The readings can be found here and here.
I was once told that the iPod is a kind of drug, in that it causes the listener to achieve a state of euphoria or happiness, simply because each song is (potentially) a favourite. In other words, there are no mediocre songs on someone’s iPod. There is the potential that one will simply continue to listen to favourites throughout the day.
Michael Bull calls this kind of state a “zone of immunity,” to use Richard Sennett’s term for the place of the church in Western civilization.
“The church, in Sennett’s argument, created a zone of ‘immunity’ for the citizen, an ordered space in which the subject could feel secure. Today this zone of immunity and security is a mobile one existing between the ears of iPod users as they move through the city--enveloped in what they imagine to be their own reality, each holding Apple iPods--twenty-first century icon and acoustic metaphor for much urban life.” (Iconic Designs 108)
The interesting thing is that the design of the iPod has evolved over time. The key to the iPod's success is twofold. It is an issue of space, that one could now conceivably put their complete collection of music on something small enough to fit in their hand. It is also an issue of user interface, a way to access that music.
The scroll wheel is the key - first, the click wheel, a combination of moving parts and buttons. Next, touch sensitive, solid state, no more clicking or buttons. Finally, a combination of solid state touch sensitive and clicking for play/pause, next/back, etc. The interface becomes simpler for the user as it becomes more technologically complex.
The aesthetic design of the iPod is something which is often overlooked in terms of its allure. Many would talk about its domination in the marketplace, or the problems with its ties to specific software (iTunes). Not many discuss what I think is its main strength - its appearance. Its design is what draws me to it - its clean lines, the materials that make it up. The way it looks in the dark (the 3rd Gen iPod is what this last part is referring to).
Bull calls the iPod a “perfect marriage between aesthetics and functionality, of sound and touch--the auditory world in the palm of the hand.” (105) It comes to market at a time of increasing mobility and privatization - this is, in fact, not a new thing.
Bull seems to equate an iPod with the Gothic cathedral: “The populace invariably went into these spaces not merely to pray but to enter envelopes of sound resounding through their bodies, amplified by the great arches of the cathedral.” (106) Back to the iPod, now that people were free from the constraints of radio, those sonic envelopes “exist in the personal playlist of the iPod.” He also considers the idea of your whole music collection fitting in the palm of your hand a magical one. (107) This is interesting.
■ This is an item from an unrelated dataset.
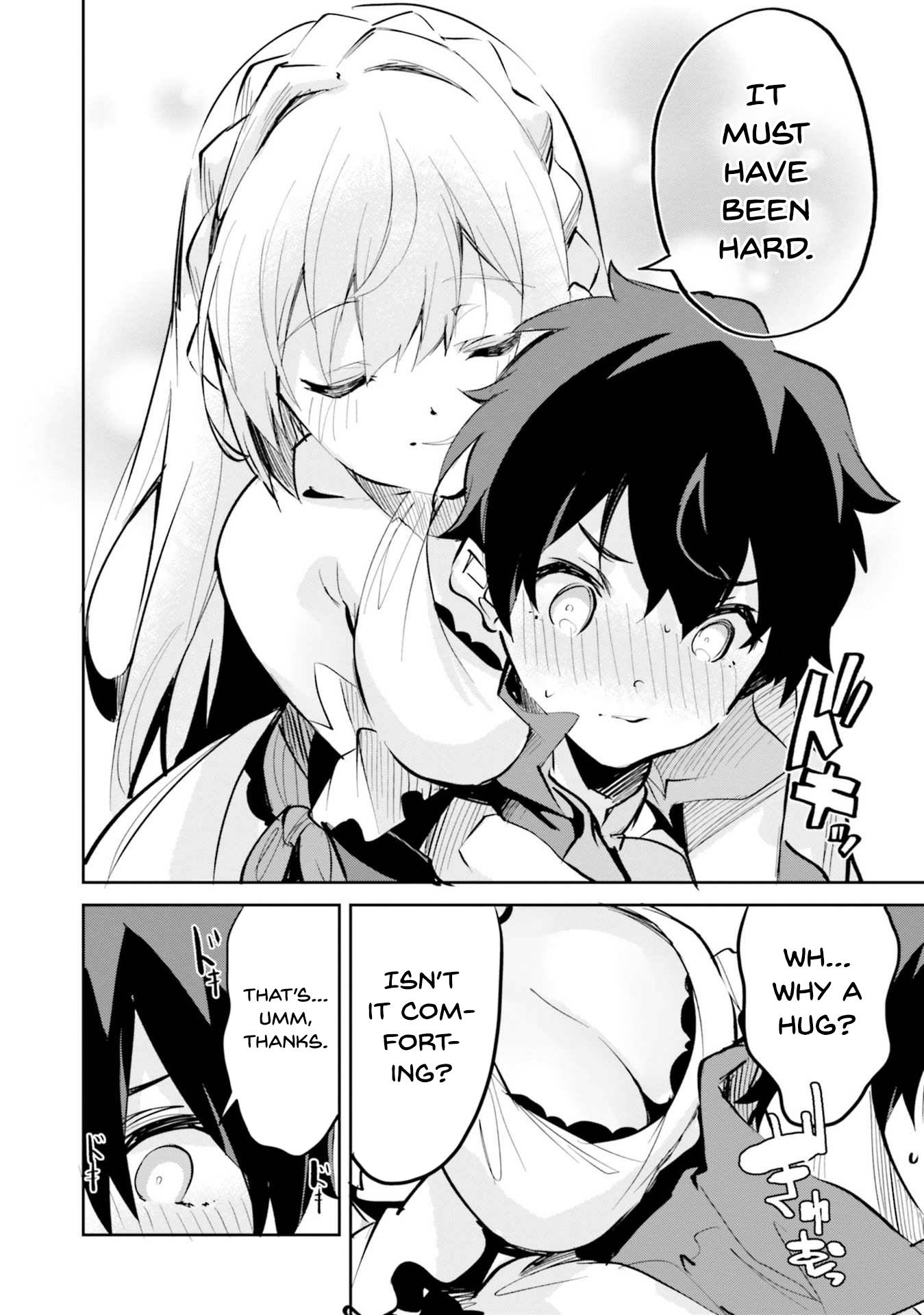 Page 26 of Chapter 6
This is something that was never possible in the past.
The iPod is, in fact, intoxicating: “an intoxicating mixture of music, proximity and privacy whilst on the move.” (No Dead Air 344) iPod users might use the device as a way to inhabit the spaces within which they move, a creation of a “privatised auditory bubble,” a means to control time and space through which they move.
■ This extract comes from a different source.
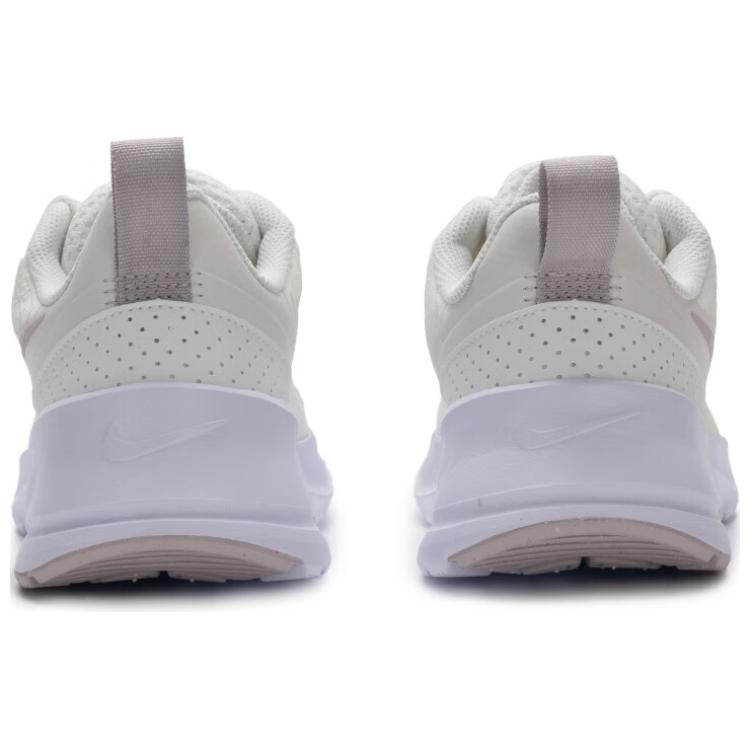 Nike Air Max Nuaxis 'Beige Mauve' Women's Sneakers Casual Shoes HF1233-102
Consider what Bull writes on the bottom of pg. 346.
As opposed to thinking that the iPod destroys community or creates isolation, Bull suggests that “music enables users to clear a space for thought, imagination and miid maintenance.” (349) For Bull, the choice of music by the listener enables a form of “biological travelling,” that the narrative of the listener’s life is recalled in the current space of travelling, thus making their journey one that is more personal.
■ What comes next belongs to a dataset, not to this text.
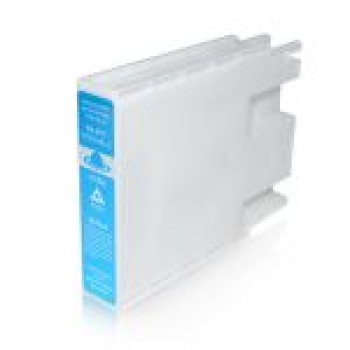 Tintenpatrone alternativ zu Epson T7552 - C13T755240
“The world and their biography is recollected and accompanied by sound.” (349)
The world becomes “intimate, known, and possessed.” (350) - the world around them seem to work in tandem with the music (this isn’t actually happening, but it seems like it might magically be).
The city dweller is able to reorganise the sounds of the city. (352)
“the city becomes a personalised audio visual environment, yet even the sense of touch and the concomitant [naturally accompanying] relational experience of the street is transformed, invariably making the iPod user happier as they move, empowered through the street.” (352)
What do you think of Bull's idea of dancing through a crowd, instead of struggling? Does the iPod still hold such cultural cache as Bull suggested it did in 2005 and 2006?